*Task data*.
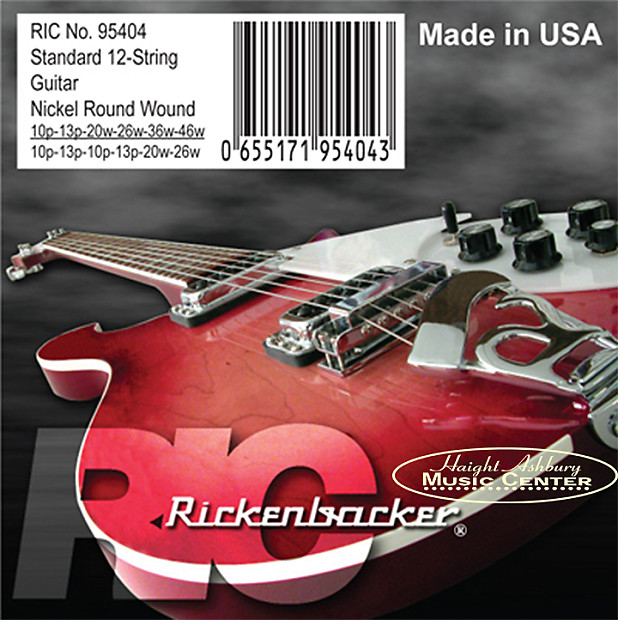 Rickenbacker Standard 12-String Electric Guitar Strings (10-46) image 1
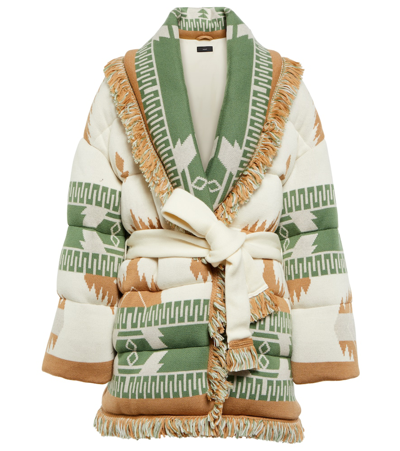 Alanui Women's Icon Jacquard Puffer Jacket In Multi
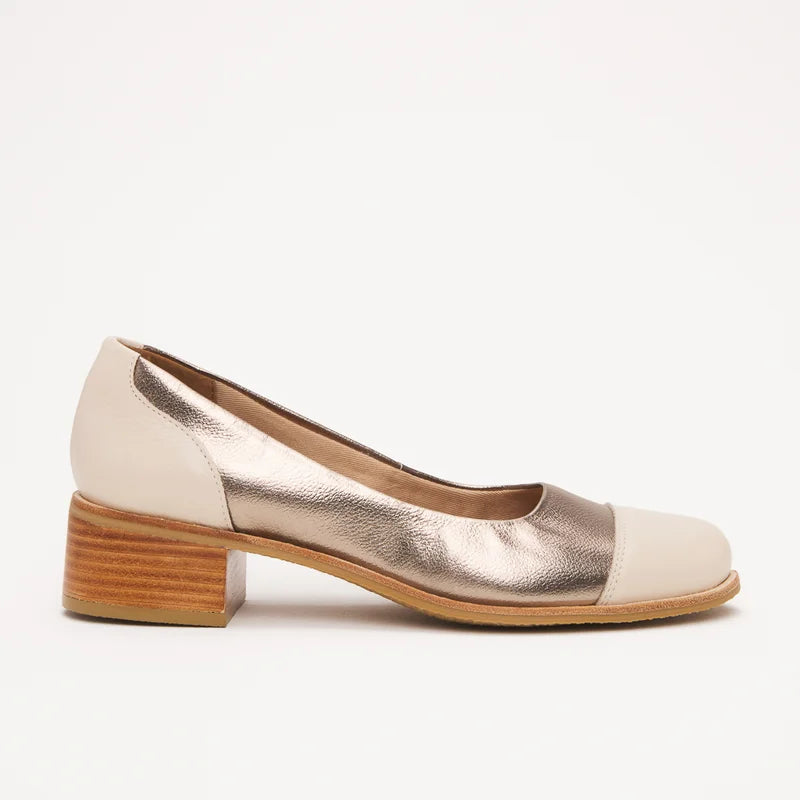 Valerie Shoe - Old Silver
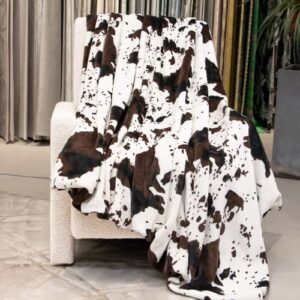 fleece blanket cow print soft throw blanket lightweight throw blanket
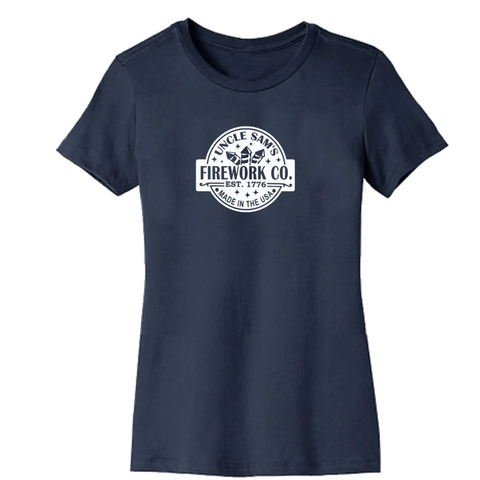 Uncle Sam's Fireworks Organic Cotton Unisex T-Shirt – Tagless Comfort | Made in USA Suede Kloth 
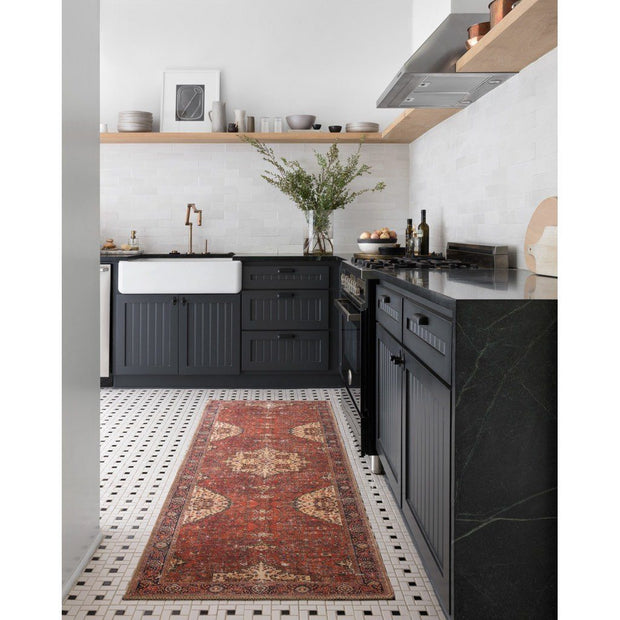 Loloi Loren LQ 07 Red / Navy Area Rug Rugs Loloi 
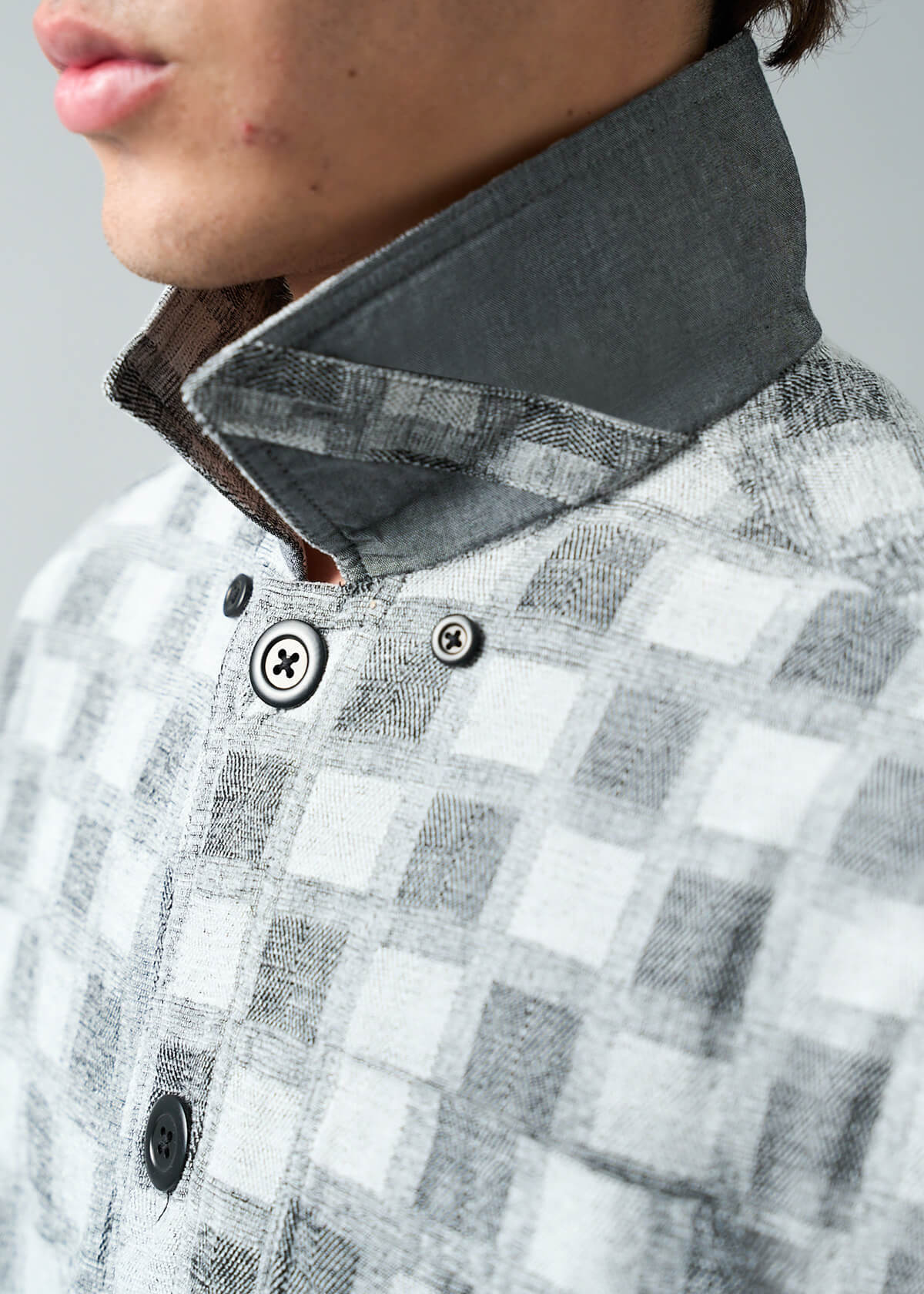Ghost Grid Prisao Coat-Front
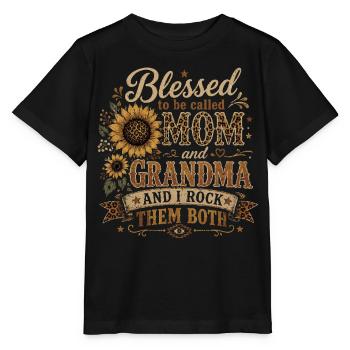 Maman Et Mamie Formidable | Cadeau Fête Des Mères - T-shirt bio MINI CREATOR Stanley/Stella Enfant - noir - Devant - Mikhail (115cm)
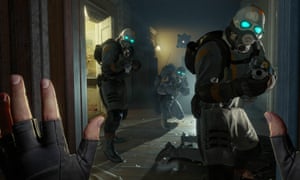 Gameplay from Half-Life: Alyx.
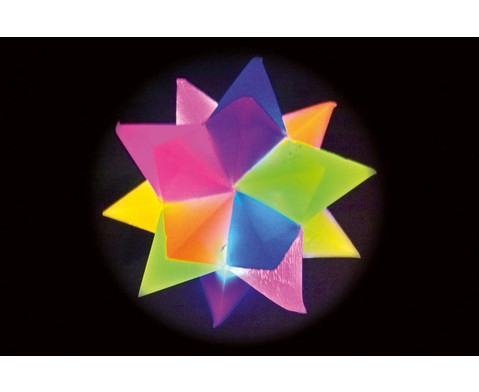 Flummi Leucht-Kristall-Stern 2 Stueck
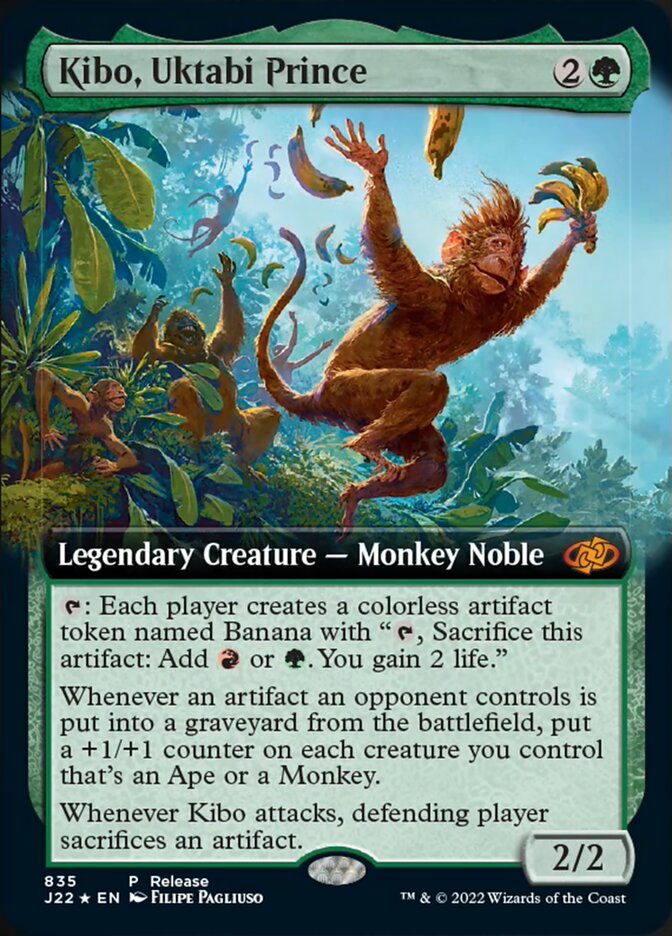 Kibo, Uktabi Prince (Extended Art) (Release) [Jumpstart 2022] Magic: The Gathering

*Activity*. Set down the entire material verbatim, with each picture left out.

*Reply*.
 Rickenbacker Standard 12-String Electric Guitar Strings (10-46) image 1
 Alanui Women's Icon Jacquard Puffer Jacket In Multi
 Valerie Shoe - Old Silver
 fleece blanket cow print soft throw blanket lightweight throw blanket
 Uncle Sam's Fireworks Organic Cotton Unisex T-Shirt – Tagless Comfort | Made in USA Suede Kloth 
 Loloi Loren LQ 07 Red / Navy Area Rug Rugs Loloi 
Ghost Grid Prisao Coat-Front
 Maman Et Mamie Formidable | Cadeau Fête Des Mères - T-shirt bio MINI CREATOR Stanley/Stella Enfant - noir - Devant - Mikhail (115cm)
 Gameplay from Half-Life: Alyx.
 Flummi Leucht-Kristall-Stern 2 Stueck
 Kibo, Uktabi Prince (Extended Art) (Release) [Jumpstart 2022] Magic: The Gathering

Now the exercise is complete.